The code set includes the procedure coding schemes defined in TruCare.
If necessary, select Clear to start over (see image below).
You might see a message about a procedure code being expired. For more information about expired codes, see Expired diagnosis or procedure codes.
* Note: Select + to add another secondary procedure.
16. If you need to add a note or attachment, do so now.
If you try to submit the request without adding a required note or attachment, a message that a note or attachment is required appears on the screen.
17. If you need to add clinical criteria, do so now.
If you try to submit the request or navigate to the next page without adding required clinical criteria, messages that clinical criteria are required or optional appear on the screen.

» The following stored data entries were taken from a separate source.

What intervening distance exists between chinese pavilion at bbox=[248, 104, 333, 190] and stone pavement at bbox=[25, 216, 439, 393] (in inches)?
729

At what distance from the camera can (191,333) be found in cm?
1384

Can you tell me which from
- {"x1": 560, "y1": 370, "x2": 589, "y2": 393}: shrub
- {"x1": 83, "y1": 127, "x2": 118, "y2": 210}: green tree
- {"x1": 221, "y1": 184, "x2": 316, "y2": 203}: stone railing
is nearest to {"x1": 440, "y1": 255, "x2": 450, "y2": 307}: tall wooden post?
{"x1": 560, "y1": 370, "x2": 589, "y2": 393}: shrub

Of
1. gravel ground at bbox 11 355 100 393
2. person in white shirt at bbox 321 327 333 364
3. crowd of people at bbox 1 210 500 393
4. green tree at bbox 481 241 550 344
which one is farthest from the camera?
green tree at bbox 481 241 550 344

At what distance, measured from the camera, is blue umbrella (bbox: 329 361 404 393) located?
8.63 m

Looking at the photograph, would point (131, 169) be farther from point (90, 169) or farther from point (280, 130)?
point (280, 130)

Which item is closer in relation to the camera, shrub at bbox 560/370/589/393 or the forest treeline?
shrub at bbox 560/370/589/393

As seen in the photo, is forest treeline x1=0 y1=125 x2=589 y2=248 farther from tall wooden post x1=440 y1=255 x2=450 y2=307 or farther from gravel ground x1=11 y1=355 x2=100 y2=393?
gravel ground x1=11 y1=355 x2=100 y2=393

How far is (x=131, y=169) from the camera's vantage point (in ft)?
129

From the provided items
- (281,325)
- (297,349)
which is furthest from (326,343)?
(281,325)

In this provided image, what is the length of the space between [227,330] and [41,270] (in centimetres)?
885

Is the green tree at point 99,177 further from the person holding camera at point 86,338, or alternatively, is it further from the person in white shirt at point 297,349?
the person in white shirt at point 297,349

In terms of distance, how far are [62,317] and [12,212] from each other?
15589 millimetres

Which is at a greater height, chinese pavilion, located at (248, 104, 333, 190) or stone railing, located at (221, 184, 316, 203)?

18. Depending on your organization’s workflow, the standard inpatient workflow will allow Submit. Select Submit when you are ready to submit the authorization request. When configured, a message informs you that the authorization request has been submitted successfully. If the authorization has clinical criteria, a pop-up indicates that the authorization is being submitted.
It will close when the submission is complete. An authorization summary is displayed and includes the authorization number and status.
The criteria status field appears only if clinical criteria are created for the authorization.
You can print a copy of the confirmation for your records. The confirmation prints to PDF using the browser print function. Return to member search or to the dashboard.
If your organization is using the inpatient comprehensive workflow, you can use the Procedure Prescreen when the inpatient admission includes procedures that will be performed during the inpatient stay. You can also click Next, which will navigate the workflow directly to the Review page if no procedures are planned or known.